Prior FPGA works (zhang2015optimizing, ; ovtcharov2015accelerating, ) mostly focus on optimizing general convolution (CONV) layers. However, recent trend shows that state-of-the-art neural network architectures (szegedy2015going, ; abdi2016multi, ) tend to contain the topology of parallel branches, which are then merged through filter concatenation or summation. It is noticed that jointly optimizing a single acceleration engine for all layers of the deep networks leads to dynamic underutilization of resources (shen2016overcoming, ). This effect is especially acute on these advanced CNN structures with branches, since each branch would most likely carry different sizes and dimensions of convolutions. Also, past approaches did not exploit the attribute that individual branches are independent, thus do not utilize the opportunity to concurrently execute the parallelizeable CONV branches.

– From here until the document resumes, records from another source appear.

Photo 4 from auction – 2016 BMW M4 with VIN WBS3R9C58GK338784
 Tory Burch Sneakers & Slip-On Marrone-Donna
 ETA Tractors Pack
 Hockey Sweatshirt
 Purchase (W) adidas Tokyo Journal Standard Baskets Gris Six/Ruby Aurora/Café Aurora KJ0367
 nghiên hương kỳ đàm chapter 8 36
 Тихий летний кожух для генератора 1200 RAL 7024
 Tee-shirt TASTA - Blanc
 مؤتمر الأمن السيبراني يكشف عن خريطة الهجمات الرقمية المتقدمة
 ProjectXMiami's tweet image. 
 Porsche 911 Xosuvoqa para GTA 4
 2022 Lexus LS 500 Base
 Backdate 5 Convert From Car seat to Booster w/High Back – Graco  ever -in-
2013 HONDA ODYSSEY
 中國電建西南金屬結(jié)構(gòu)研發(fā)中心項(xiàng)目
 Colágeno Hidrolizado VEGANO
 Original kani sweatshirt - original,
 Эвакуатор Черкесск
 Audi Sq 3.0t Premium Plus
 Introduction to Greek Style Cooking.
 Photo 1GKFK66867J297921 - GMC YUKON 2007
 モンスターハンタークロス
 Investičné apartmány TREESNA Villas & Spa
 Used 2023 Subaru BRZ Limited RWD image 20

To overcome this problem, one solution is to implement multiple CONV engines that are specifically designed for each or subsets of layers. To achieve minimum overall latency, a resource partition solution has been proposed (zhang2017high, ). We extend such resource allocation strategy to exploit the intra-module parallelism of the multi-branch topology to attain better latency.
Besides hardware-specific tricks, researchers also look into algorithmic improvements to accelerate convolution computation. Researchers (vasilache2014fast, ) exploit the equivalency between convolutions in spatial domain and element-wise multiplications in frequency domain. This method allows us to mathematically reduce the computation complexity with FFT-based convolution. More recently, the Winograd minimal-filter based convolution algorithm has been introduced (lavin2016fast, )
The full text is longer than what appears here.